If the mixed output audio stream comprises one or more audio channels, the inverse
FFT processor 1132 applies an inverse FFT to each of the channels separately. The
time-domain representation output by the inverse FFT processor 1132 may then be supplied
to an appropriate audio apparatus expecting to receive a time-domain audio signal,
such as one or more speakers 1134.
[0055] It will be appreciated that all of the audio processing performed between the FFT
processor 1108 and the inverse FFT processor 1132 is performed in the frequency-domain
and not the time-domain. As such, for each of the time-domain input audio streams
1100, there is only ever one transformation from the time-domain to the frequency-domain.
Furthermore, there is only ever one transformation from the frequency-domain to the
time-domain, and this is performed only for the final mixed output audio stream.
[0056] The audio processing performed may be undertaken in software, hardware or a combination
of hardware and software. In so far as the embodiments of the invention described
above are implemented, at least in part, using software-controlled data processing
apparatus, it will be appreciated that a computer program providing such software
control and a storage medium by which such a computer program is stored are envisaged
as aspects of the present invention.
1. An audio processing apparatus operable to mix a plurality of input audio streams to
form an output audio stream, the apparatus comprising:
a mixer (1118, 1126) operable to receive the input audio streams and to output a mixed
frequency domain audio stream in a frequency domain representation; and
a frequency-to-time converter (1132) operable to convert the mixed frequency domain
audio stream from the frequency domain representation to a time domain representation
to form the output audio stream;
characterised in that the mixer comprises a plurality of sub-mixers (1118), each of the sub mixers being
operable to receive a plurality of intermediate frequency domain audio streams, each
of the intermediate frequency domain audio streams corresponding to an input audio
stream, and to mix the intermediate frequency domain audio streams to produce corresponding
preliminary frequency domain audio streams; and a master-mixer (1126) operable to
mix the preliminary frequency domain audio streams to produce the mixed frequency
domain audio stream.
2. An audio processing apparatus according to claim 1, wherein the apparatus is operable
to receive an input audio stream in the time domain representation, the apparatus
comprising a time-to-frequency converter (1108) operable to convert an input audio
stream from the time domain representation to the frequency domain representation.

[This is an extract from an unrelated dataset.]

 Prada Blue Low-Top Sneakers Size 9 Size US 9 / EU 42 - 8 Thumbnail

3. An audio processing apparatus according to claim 1 or 2, wherein the mixer is operable
to receive input audio streams in the frequency domain representation.

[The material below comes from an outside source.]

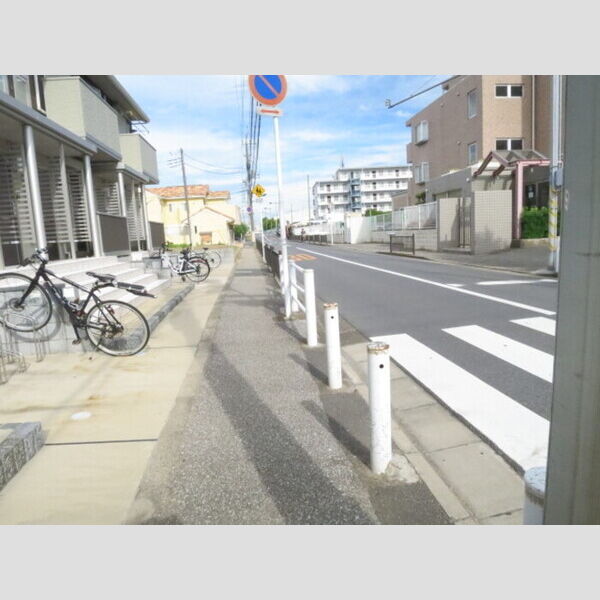 現地周辺 (駐輪場)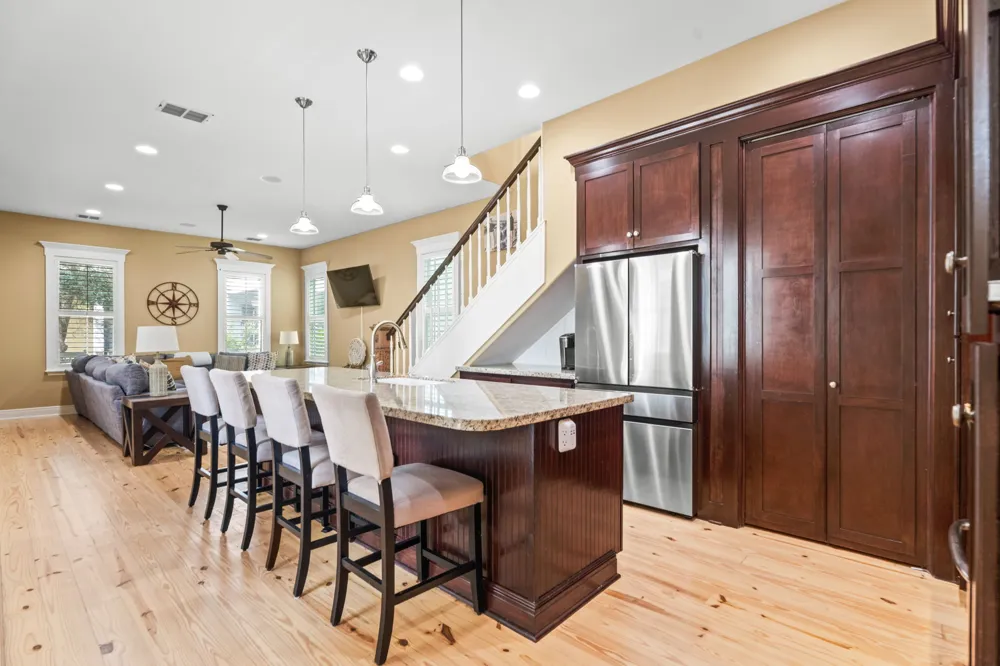 412 Sailhouse Way Rockport, TX 78382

4. An audio processing apparatus according to any one of the preceding claims, wherein
each of the audio streams comprises one or more audio channels.

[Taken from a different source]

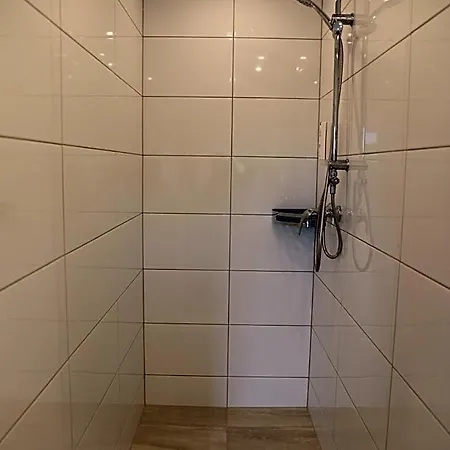 红酒阁酒店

5. An audio processing apparatus according to claim 4 when dependent on claim 2, wherein
the time-to-frequency converter (1108) is operable to perform a fast Fourier transform
on an audio channel of an input audio stream and the frequency-to-time converter (1132)
is operable to perform an inverse fast Fourier transform on an audio channel of the
mixed frequency domain audio stream.
6. An audio processing apparatus according to any one of the preceding claims, wherein
the apparatus comprises an effects unit (1116, 1122, 1130) operable to apply an audio
effect to an input audio stream in the frequency domain representation and/or the
mixed frequency domain audio stream.
7. An audio processing apparatus according to claim 6, wherein the effects unit (1122)
is operable to apply an audio effect to a preliminary frequency domain audio stream.
8. An audio processing apparatus according to claim 7, wherein the effects unit (1122)
is operable to control the volume of a preliminary frequency domain audio stream in
accordance with the volume of another one of the preliminary frequency domain audio
streams.
9. An audio processing apparatus according to any one of claims 6 to 8, wherein the audio
effect applied by the effects unit comprises one or more of: equalisation; pitch shifting;
applying reverberation; controlling volume; compression; and adjusting the envelope
of the audio stream.
10. An audio processing apparatus according to any one of the preceding claims, wherein
the frequency domain audio streams are processed as floating-point data.
11. An audio processing method for mixing a plurality of input audio streams to form an
output audio stream, the method comprising the steps of:
mixing the input audio streams to output a mixed frequency domain audio stream in
a frequency domain representation; and performing frequency-to-time conversion to
convert the mixed frequency domain audio stream from the frequency domain representation
to a time domain representation to form the output audio stream;
characterised in that the mixing step comprises sub-mixing a plurality of intermediate frequency domain
audio streams, each of the intermediate frequency domain audio streams corresponding
to an input audio stream, to produce corresponding preliminary frequency domain audio
streams; and
mixing the preliminary frequency domain audio streams to produce the mixed frequency
domain audio stream.
12. Computer software comprising program code designed to carry out an audio processing
method according to claim 11.
13. A storage medium comprising computer software code according to claim 12.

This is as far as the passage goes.